И вышла, не попрощавшись.
Долина знал, что Люся сюда больше не вернется. Как еще раньше знал и то, что это чувство не принесет ему радости. Она уловила его скованность и страх. Если бы он повел себя иначе — свободно, естественно, если бы жил только сердцем…
Наверно, именно потому он и не пытался остановить Люсю. Работать ему расхотелось. Через день он был на повторном спектакле, попросил знакомого фотографа сделать несколько снимков Мавки. И вяло лепил дальше. Почему-то долго не мог найти положения для левой Мавкиной руки. То она была нервно сжата или расслаблена, то останавливалась у груди, то прикасалась к плечу, потом он видел, что она там некстати, и опускал снова. Меняя цветы в волосах и сами волосы, искал новое выражение подбородка, но к глазам, к надбровью больше не прикасался. Тут он был уверен в себе. Тут он схватил и передал точно. Не подвели интуиция и талант. Всякий раз, входя в мастерскую, он придирчиво и, как ему казалось, беспристрастно вглядывался в портрет, пытаясь дать ему достойную оценку. Он уже знал, как это непросто — быть одновременно судьей и защитником. Сердце — вот лучший защитник, оно всегда оправдает, и, каким бы рассудительным ни был прокурор-разум, защитник перетянет его на свою сторону.

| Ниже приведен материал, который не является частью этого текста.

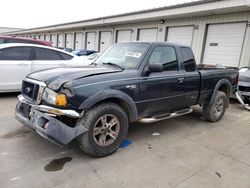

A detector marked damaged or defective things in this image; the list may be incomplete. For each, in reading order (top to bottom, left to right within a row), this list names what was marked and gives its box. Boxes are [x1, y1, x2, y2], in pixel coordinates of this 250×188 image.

damaged front bumper [15, 95, 88, 145]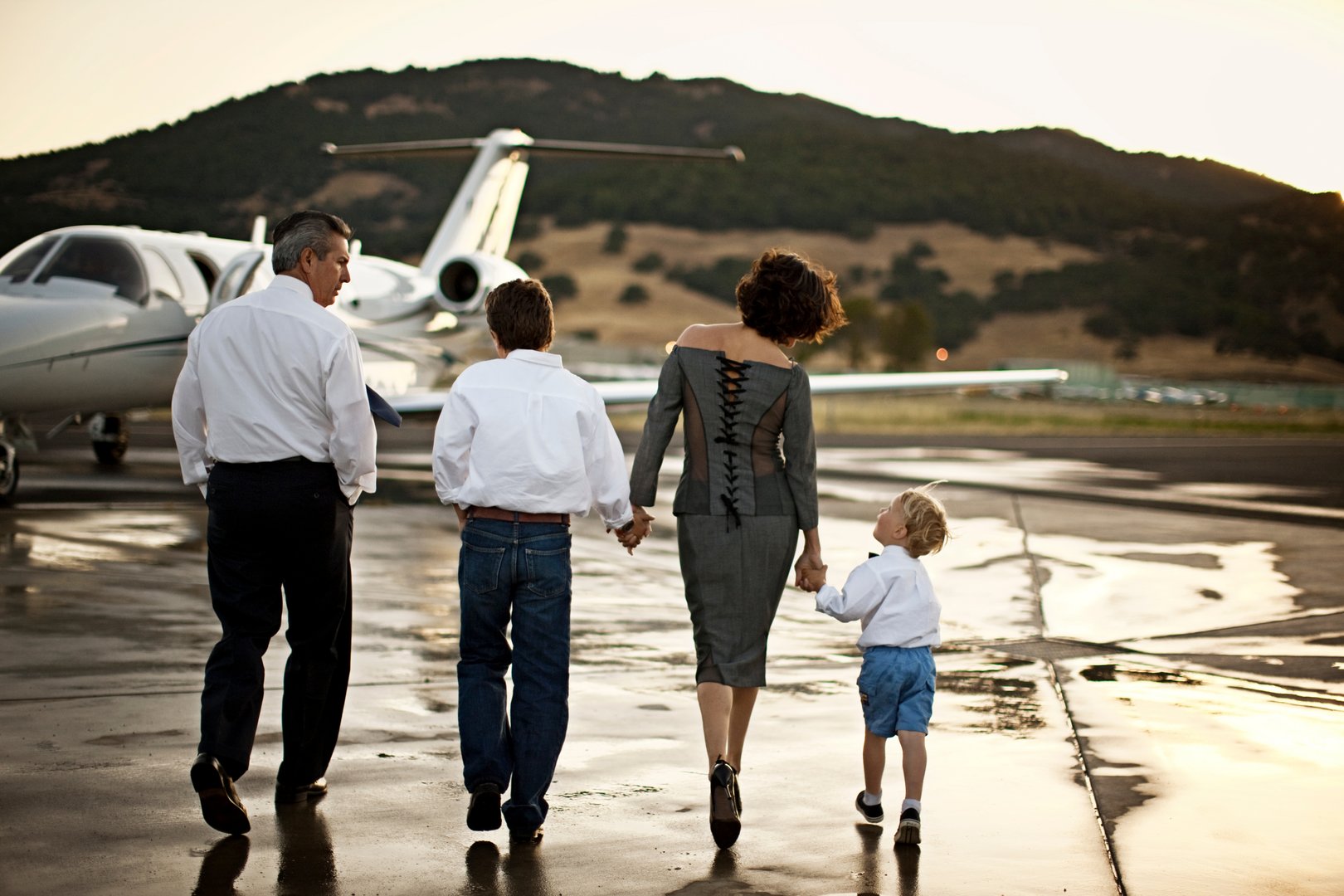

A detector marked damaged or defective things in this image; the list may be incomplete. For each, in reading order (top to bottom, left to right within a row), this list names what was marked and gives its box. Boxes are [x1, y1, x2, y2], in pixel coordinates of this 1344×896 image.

pavement crack line [1010, 491, 1128, 896]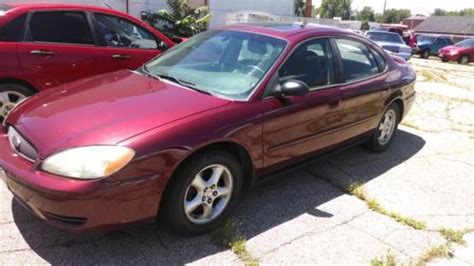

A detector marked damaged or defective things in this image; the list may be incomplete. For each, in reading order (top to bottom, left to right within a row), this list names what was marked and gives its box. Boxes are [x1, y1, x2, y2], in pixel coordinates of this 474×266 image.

cracked pavement [0, 57, 472, 262]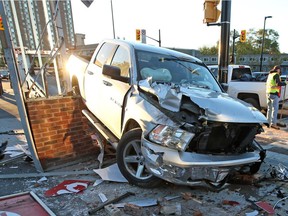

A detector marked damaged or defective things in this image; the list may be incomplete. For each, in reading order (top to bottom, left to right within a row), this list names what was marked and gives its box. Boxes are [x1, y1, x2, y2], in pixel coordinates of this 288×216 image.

crashed pickup truck [67, 39, 268, 189]
broken headlight [148, 125, 194, 152]
crumpled front bumper [142, 137, 264, 186]
damaged hood [139, 79, 268, 123]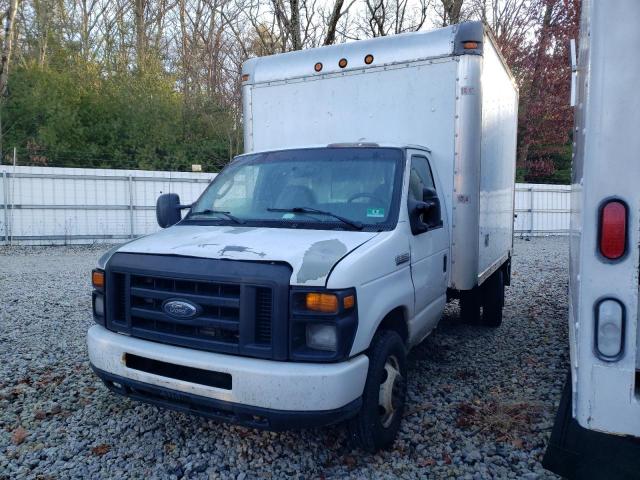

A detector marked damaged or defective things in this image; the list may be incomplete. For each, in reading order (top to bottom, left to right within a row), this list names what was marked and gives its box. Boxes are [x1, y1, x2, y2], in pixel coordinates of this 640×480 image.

damaged hood [102, 225, 378, 284]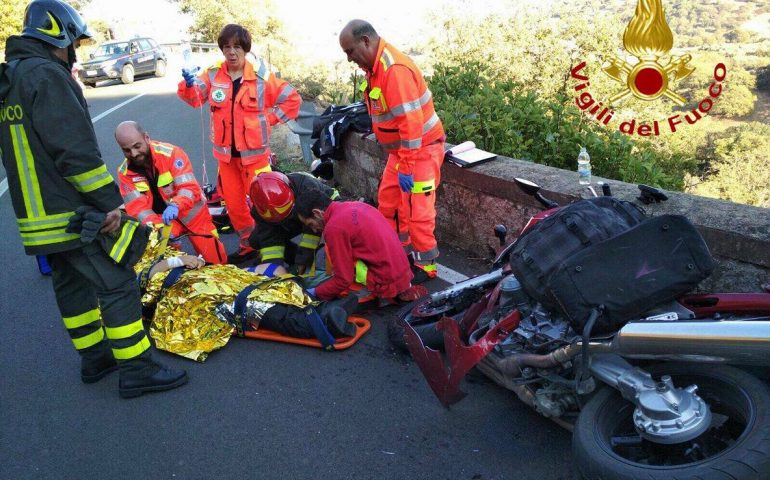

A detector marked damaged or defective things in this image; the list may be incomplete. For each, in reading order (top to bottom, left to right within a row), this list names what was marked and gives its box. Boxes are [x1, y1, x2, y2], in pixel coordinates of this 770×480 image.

crashed motorcycle [392, 180, 768, 480]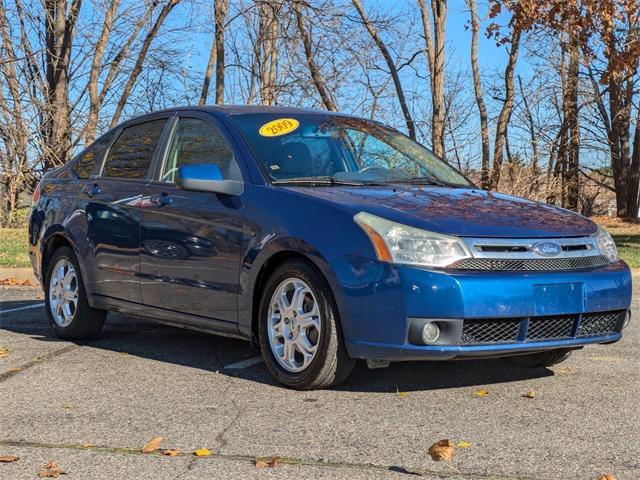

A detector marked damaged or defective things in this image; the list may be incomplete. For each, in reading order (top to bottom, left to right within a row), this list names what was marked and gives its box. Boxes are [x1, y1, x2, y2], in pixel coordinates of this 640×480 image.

На этот раз он не мог найти верной оценки своему труду.
Он работал дальше. Вяло, неуверенно. Может, из-за того, что не было возможности увидеть Люсю? Эта мысль убивала все, не давала сосредоточиться на деле.

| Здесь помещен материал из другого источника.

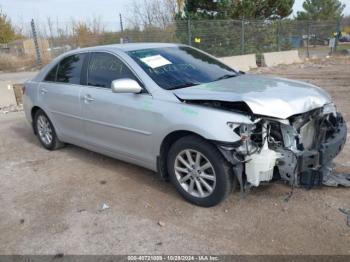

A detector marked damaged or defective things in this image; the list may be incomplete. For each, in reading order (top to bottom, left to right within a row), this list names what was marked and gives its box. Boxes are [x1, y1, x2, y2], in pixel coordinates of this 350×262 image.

damaged hood [174, 73, 332, 118]
crumpled front end [221, 103, 348, 191]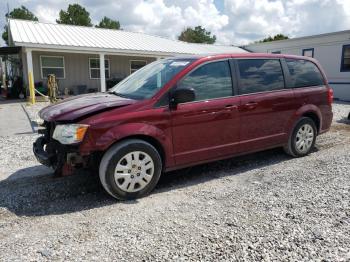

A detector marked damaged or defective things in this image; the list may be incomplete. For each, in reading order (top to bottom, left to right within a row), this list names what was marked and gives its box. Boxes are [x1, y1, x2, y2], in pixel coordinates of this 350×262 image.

damaged red minivan [34, 53, 332, 201]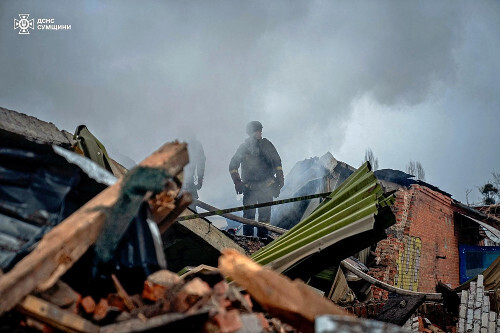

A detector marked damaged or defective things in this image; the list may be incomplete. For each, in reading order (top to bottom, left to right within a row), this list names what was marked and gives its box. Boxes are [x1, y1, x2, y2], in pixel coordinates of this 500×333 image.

splintered wood beam [0, 141, 188, 316]
splintered wood beam [15, 294, 99, 330]
splintered wood beam [219, 248, 352, 332]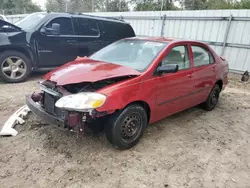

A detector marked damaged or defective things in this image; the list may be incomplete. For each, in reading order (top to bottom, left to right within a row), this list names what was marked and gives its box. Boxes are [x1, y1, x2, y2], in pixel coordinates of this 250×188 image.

dented hood [43, 57, 141, 85]
crumpled front bumper [25, 95, 66, 129]
broken headlight [55, 92, 106, 111]
damaged red car [26, 37, 229, 150]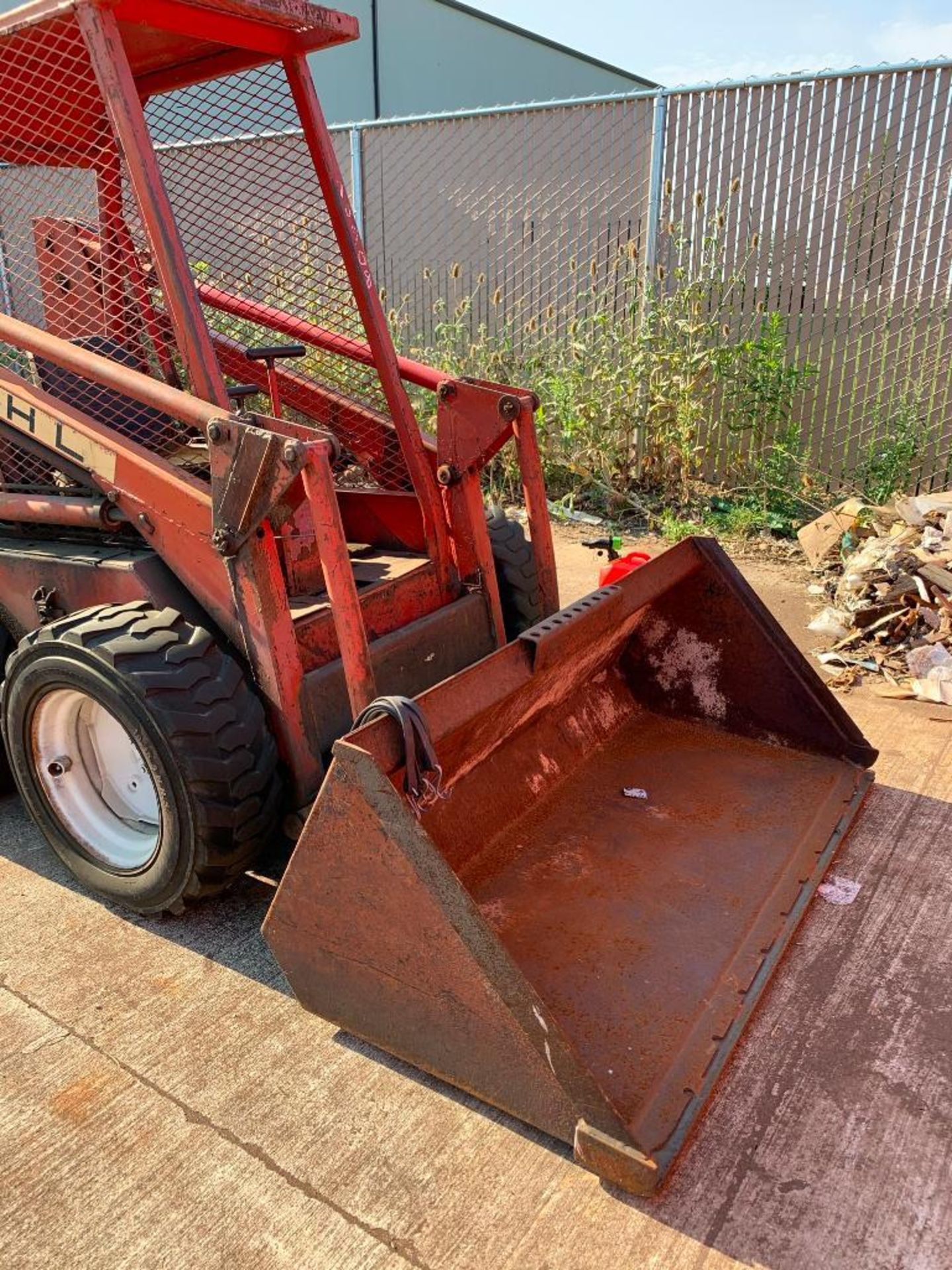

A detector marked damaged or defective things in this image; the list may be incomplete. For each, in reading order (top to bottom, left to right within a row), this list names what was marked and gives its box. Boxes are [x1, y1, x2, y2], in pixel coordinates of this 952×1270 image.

rusty bucket attachment [262, 540, 878, 1193]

Как-то утром он долго перебирал эскизы, потом убирал в мастерской, потом сел у окна и задумался. Он вдруг почувствовал, что ему больше ничего не хочется. Курил, расхаживал по мастерской, ожидая толчка, движения в себе — но их не было.
Он понял, что уже и не будет. Внезапно проявилась пленка памяти, и на ней проступили черные контуры: «Академика», Кобки, «Старика в задумчивости», Петра, Люси… Он зажмурился и на мгновение представил себе дорогу, широкую дорогу, которая поворачивала в сторону и возвращалась на круги своя за его спиной. Это не было призраком, ведь материальной дороги он не видел, это была игра воображения, его подсказка.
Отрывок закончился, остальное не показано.